4. Section 2.4: It is confusing to me that the simulation of antibody–antigen interactions is described in a section entitled ‘Tc323 is recognized by plasma from patients with chronic Chagas disease’. This could be better served with an alternative title, and also more description of what the docking tells us re. the immunogenicity of Tc323.

 

Also, in the description of the antibody–antigen interaction simulation results, the authors should explicitly make the conclusion that 6B6 appears to recognize a conformational epitope (currently hidden in the discussion).

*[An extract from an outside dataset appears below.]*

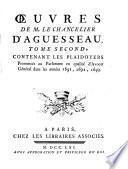 Œuvres [ed. by the abbé André].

Response: The title of this part has been modified in accordance with the Reviewer's suggestion and the description of docking analysis has been extended in Results and Discussion Sections.

 

Care should be taken to assess language throughout as I detected several cases where it could be improved:

 

1. Page 4 line 147, and page 5 line 163/164: ‘homologues’ instead of ‘homologous’.

Response: Done

 

2. Page 8 lines 224-227: ‘Negative Z-scores are postulated as being better than the fitness of the HADDOCK cluster. Taking into consideration, the selected cluster presented high negative values of HADDOCK and Z-scores (Inner table from Fig 4A)’. The language here could be improved but is also redundant with previous language, so I suggest deleting these sentences.

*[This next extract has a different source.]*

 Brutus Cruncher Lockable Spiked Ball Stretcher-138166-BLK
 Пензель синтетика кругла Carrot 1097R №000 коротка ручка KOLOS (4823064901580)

Response: We thank the reviewer for this comment. The sentences were deleted.

 

3. Page 11 line 326: ‘Interestingly, Tc323-positive samples derived from Argentina, Bolivia, and Paraguay where prevail the genotypes TcV/TcVI, TcV and TcIII/TcV, respectively’. The language here could be improved e.g., ‘Interestingly, we used Tc323-positive samples derived from Argentina, Bolivia, and Paraguay, where the genotypes TcV/TcVI, TcV and TcIII/TcV, respectively are most frequent’.

Response: We appreciate your suggestion. The sentence has been changed accordingly.

Author Response File: Author Response.docx

Round 2

Reviewer 2 Report

Comments and Suggestions for Authors

The authors have answered all my points by addition of new data and editing of the manuscript.